泣きたいのはこちらなのに、先に泣かれては死ねもしない。
いつだって見る目がないと言われるけれど、本当にその通りだと思う。
浮気をしているのだろうという疑念はあったけれど、まさか不倫しているとまでは思っていなかったし、彼の言う『愛しているからタバコをやめた』という発言が嘘だったことも見抜けなかった。

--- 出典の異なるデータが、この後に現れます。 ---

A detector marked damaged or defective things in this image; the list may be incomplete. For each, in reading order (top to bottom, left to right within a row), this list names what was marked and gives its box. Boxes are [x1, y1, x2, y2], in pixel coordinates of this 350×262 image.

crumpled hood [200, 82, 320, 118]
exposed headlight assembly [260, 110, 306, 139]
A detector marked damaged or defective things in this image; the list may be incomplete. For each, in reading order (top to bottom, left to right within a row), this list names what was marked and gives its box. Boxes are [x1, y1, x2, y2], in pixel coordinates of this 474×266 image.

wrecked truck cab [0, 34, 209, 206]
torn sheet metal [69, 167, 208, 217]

始まりから嘘しかなくて、この2年という時間が何のためにあったのかと自問自答を繰り返すが、結果が見つかることはない。
不倫の期間は1年半以上だ。
なぜ結婚したのだろうと疑問でしかない。
当時で言えば「22歳の嫁がいる42歳の夫が、25歳の彼氏持ちの女性とダブル不倫をしていた」わけだ。

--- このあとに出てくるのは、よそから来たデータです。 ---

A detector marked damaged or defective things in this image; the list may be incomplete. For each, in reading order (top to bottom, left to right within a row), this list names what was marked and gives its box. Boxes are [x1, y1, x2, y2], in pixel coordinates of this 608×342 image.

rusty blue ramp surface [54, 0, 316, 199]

私は誰に会うことも許されず、働くことも許されず、それらに逆らうことはなく、家事をこなし、お酒も飲まず、タバコを吸うこともない。
家には家族がいて、穏やかに日々は流れる。
彼女には彼氏がいて、一人暮らしで、お酒が大好きで、タバコも吸う派遣社員。
Instagramにはブランド物のバッグをもらったとか、地酒を会社の人からもらったとか。そういう投稿が沢山ある。
彼女は自由でいて、2人の男から愛され、貢がれ、働き自立している。
私とは全くの正反対だろう。
何が事実で何が嘘なのか、私には見抜けないし、彼と話せば話すほど、私が悪いと責め立てられる。しばらくすると、愛してるから手放したくないだとか、やり直そうとか、私が必要だとかそういうことを繰り返し言って、愛してるからタバコをやめたとか、愛してるから家を買ったとか言いだす。
愛がなければ何もできないのか?
私は私自身を嫌っている。
人間不信になるような出来事が繰り返し起こって、怖くなって、けれど信じていいと言ってくれた彼にすら裏切られてしまった。
私は彼さえも不幸にしてしまったのだと、自分を責め立ててしまう。一緒に暮らす家族までもが、家から出て行かなければならない事態になったこと。
友人の結婚式に呼ばれていたが、断らなければならなくなったこと。
彼以外の人間は、誰一人として私のことを責めることはなくて、悪くないのだと励ましてくれた。
無視をされたり、機嫌が悪かったり、命令口調だったり、蜘蛛の巣を私に塗りたくったり、水をかけたり、箸を鼻の穴に突っ込んできたり。
それらを私は嫌だと言ったけれど、彼は「ただの冗談」と言った。
私のストレスをそんなたった一言で片付けた。
彼に不倫の理由を尋ねたら、帰ったらお茶がなかったとか、米がなかったとか。片手で数え切れるほど数回の出来事を持ち出されて、納得なんて出来なかった。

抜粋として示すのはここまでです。